Palo Pinto County commissioners

PALO PINTO — The fiscal outlook was sunny on Monday as Palo Pinto County commissioners approved the audit report for last year’s books and learned sales tax receipts are up.

Long-term assets held by the county stood at nearly $31.8 million as the county closed out fiscal 2022 last Oct.1, outside auditor Mike Edgin told the court.

That was a $4.5 million improvement over the previous year, Edgin said.

The county’s unassigned general balance, representing tax monies not committed for daily operations, sat at nearly $15 million.

Government accounting principals recommend schools, cities and counties reserve enough of that unassigned account to handle three months of daily operations in an emergency.

The $15 million would fund Palo Pinto County for a little more than 11 months, Edgin said.

“So, you’re well beyond that,” he said. “You’re very healthy.”

Other funds covered in the audit included the county’s share of the American Rescue Plan Act.

The $5.7 million in that account, which commissioners are guarding until they learn the cost of expanding the county’s water treatment plant east of Palo Pinto, drew $48,000 in interest during the last fiscal year.

Edgin also reported the county’s obligation under its state-affiliated pension plan was $3.8 million on Dec. 31 2022. That’s up from $2.4 million a year ago.

County Auditor Phyllis Banks earlier reported sales tax receipts for December had been close to $224,000.

That represented a 12.48 percent rise over the previous year.

“Sales tax keeps going through the roof,” Banks said.

Also Monday, commissioners declined to reimpose the county’s fire ban.

That cleared the way for fireworks sales on Thursday, which was Texas Independence Day.

Emergency Management Coordinator Ricky Hunter told commissioners the Keetch-Byram Drought Index had improved with recent rainfall and more expected during the week.

He said later that rains were expected Wednesday night followed by 25mph winds on Thursday. That, combined with low humidity expected, will dry out plants and cause high fire hazard.

“The main thing is, even though the burn ban is not on and we have received some significant rainfall, the potential for significant fire hazard is still there,” Hunter said.

Commissioners on Monday also approved contracts between the county elections office and four entities participating in the May 6 vote.

Actions included approval of early and election day voting sites recommended by Elections Administrator Laura Watkins.

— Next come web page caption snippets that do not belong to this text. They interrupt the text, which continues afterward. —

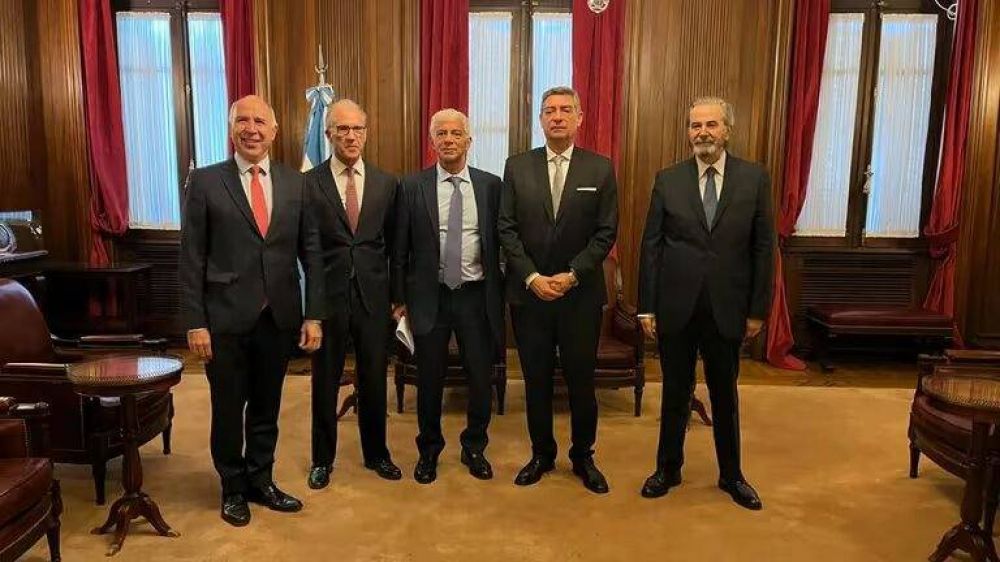 Los jueces de la Corte se reunieron con Mariano Cneo Libarona, ministro de Justicia de Javier Milei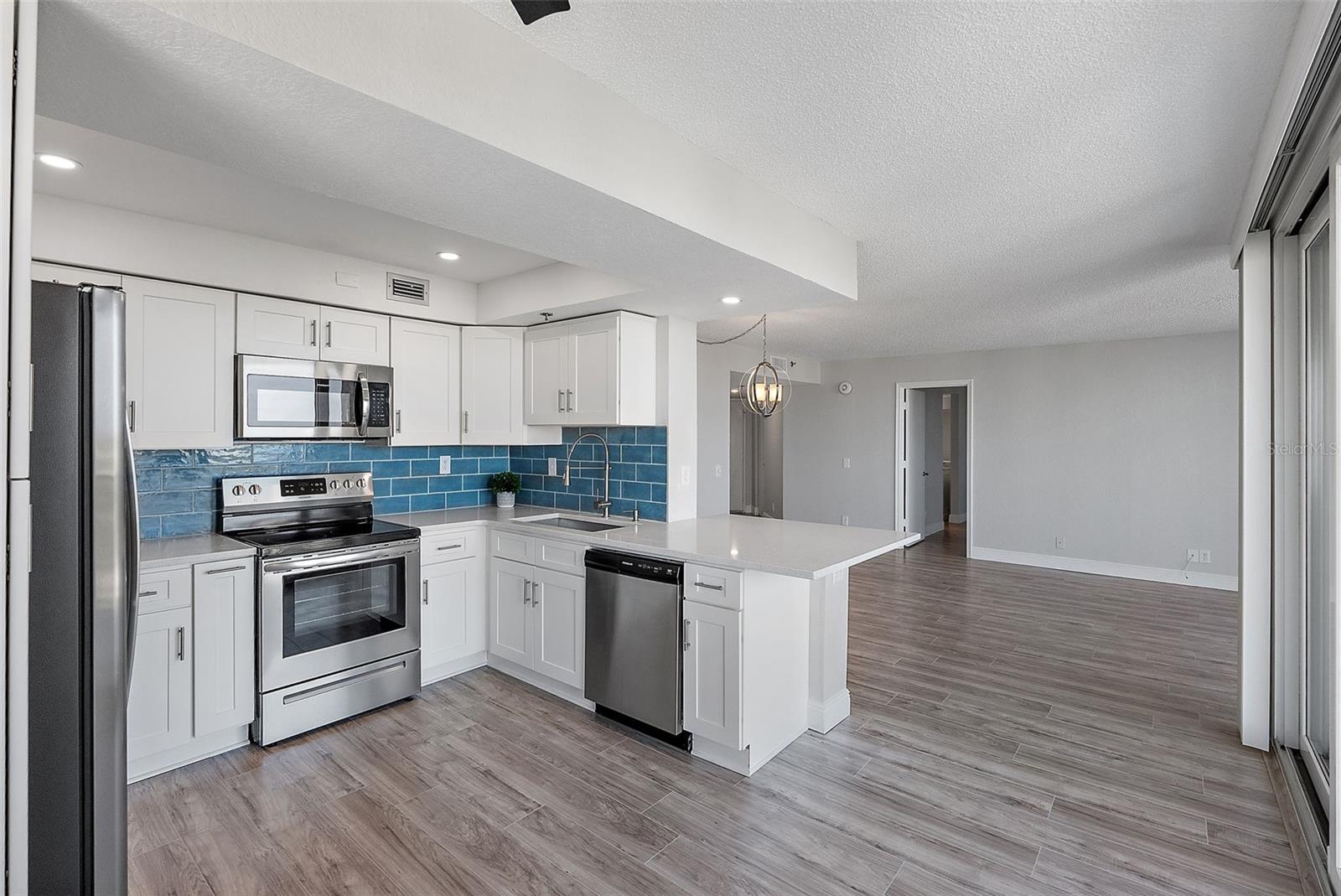 6322 PALMA DEL MAR BLVD S #806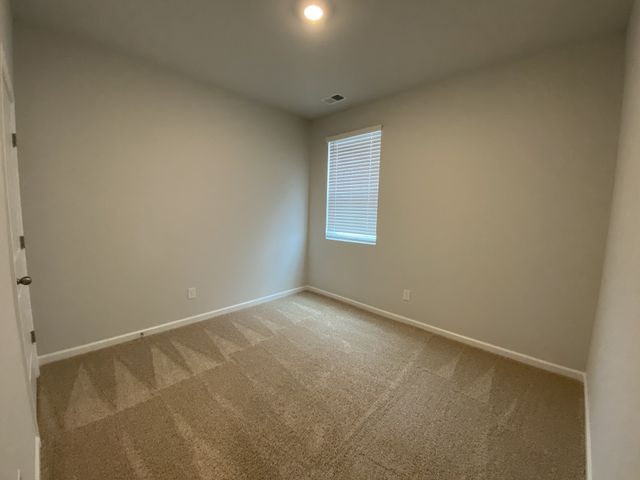 5058 Hunters Village Dr, Lebanon, TN 37087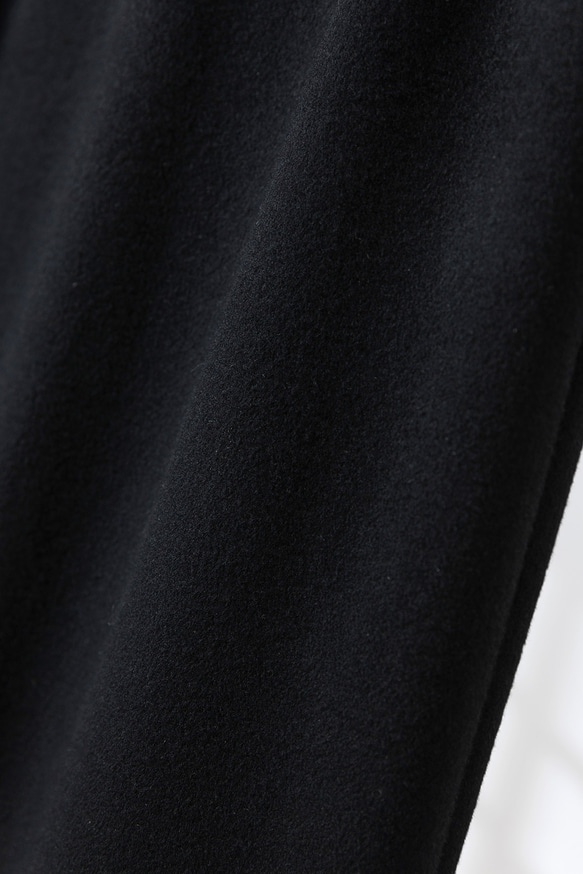 ★現貨★ 石墨烯內襯帶來卓越保暖效果。黑色複合佈料長裙，貨號：251118-3 第4張的照片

Early voting begins April 24 in the Palo Pinto Courthouse and the Courthouse Annex in Mineral Wells.

All voters in Palo Pinto County have a chance to cast a ballot this spring. That’s because Emergency Services District No. 1, which is countywide, is asking to enact a property tax cap of 8 cents per $100 property value.

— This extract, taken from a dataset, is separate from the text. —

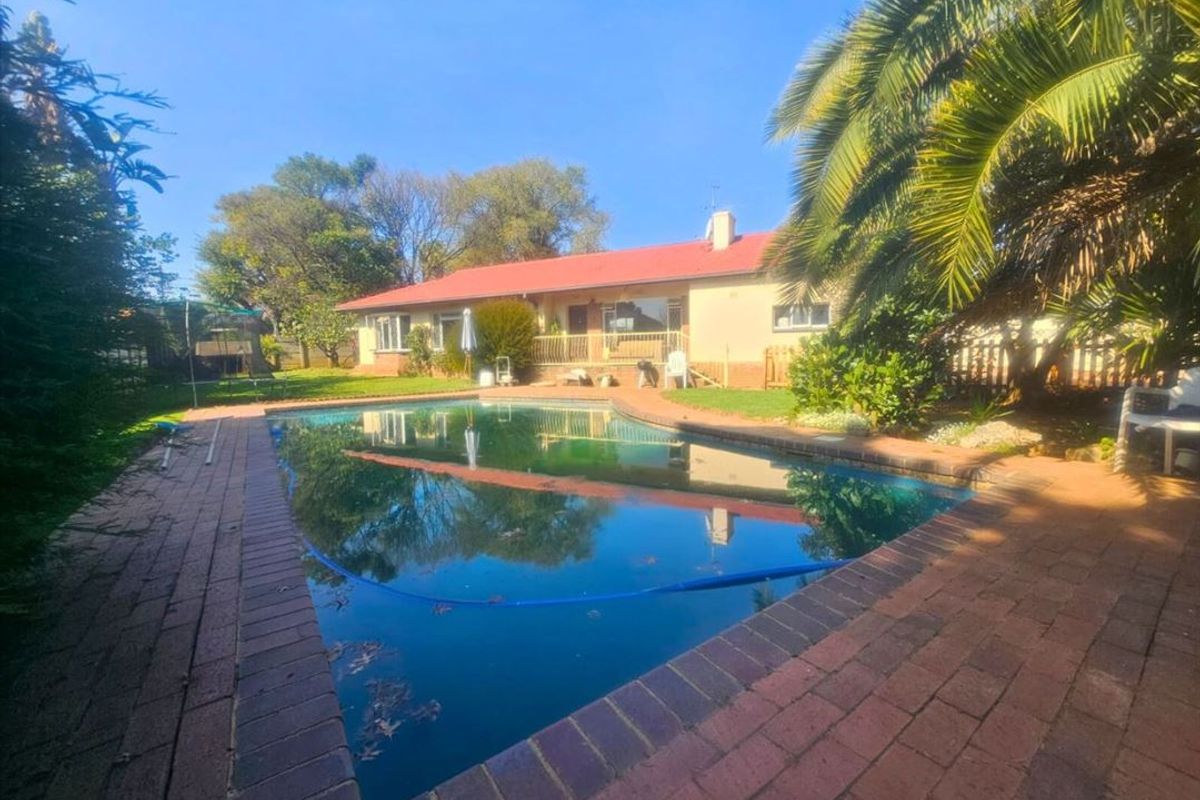 Spacious Family Retreat with Pool and Double Garage - Photo 3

The district, which provides fire and ambulance services throughout the county except within Mineral Wells, now has a property tax of slightly more than 2.6 cents.

Elections also are happening for the mayor’s position in Mingus, one position on the Mineral Wells City Council and on the Millsap ISD board where seven candidates are running for three slots.

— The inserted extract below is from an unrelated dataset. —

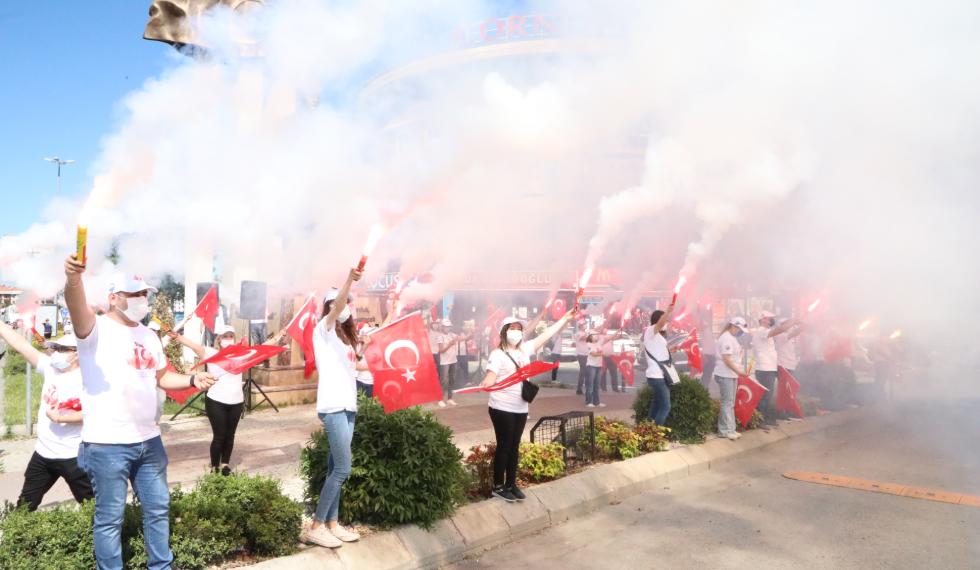 19 May enthusiasm overflowed to the streets of Büyükçekmece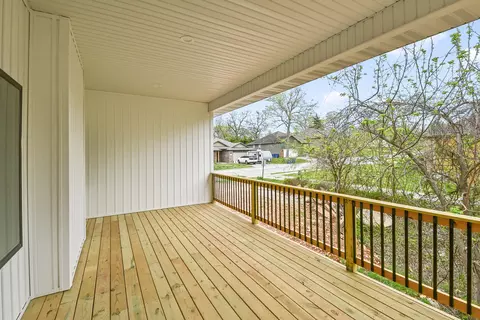 Exterior - 2014 E Jay St, Ozark, MO 65721 photo 8 of 10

Also Monday, Public Works Director David McDonald reported 15 building permits sold during January, all but one of them for new construction.

McDonald added that permits so far in February were moving at a faster pace than in that month last year.

Finally, Sheriff Brett McGuire asked the court to alter a security guard position at the Courthouse annex from full time to part time.

Commissioners previously had OK’d the position as full time, but McGuire said it had proven difficult to fill. He said he’d found someone to work security part time.

“It’ll save a little money,” the sheriff said. “We’ll see how it works, and we’ll go from there.”

McGuire also is authorized for two full-time security deputies at the annex.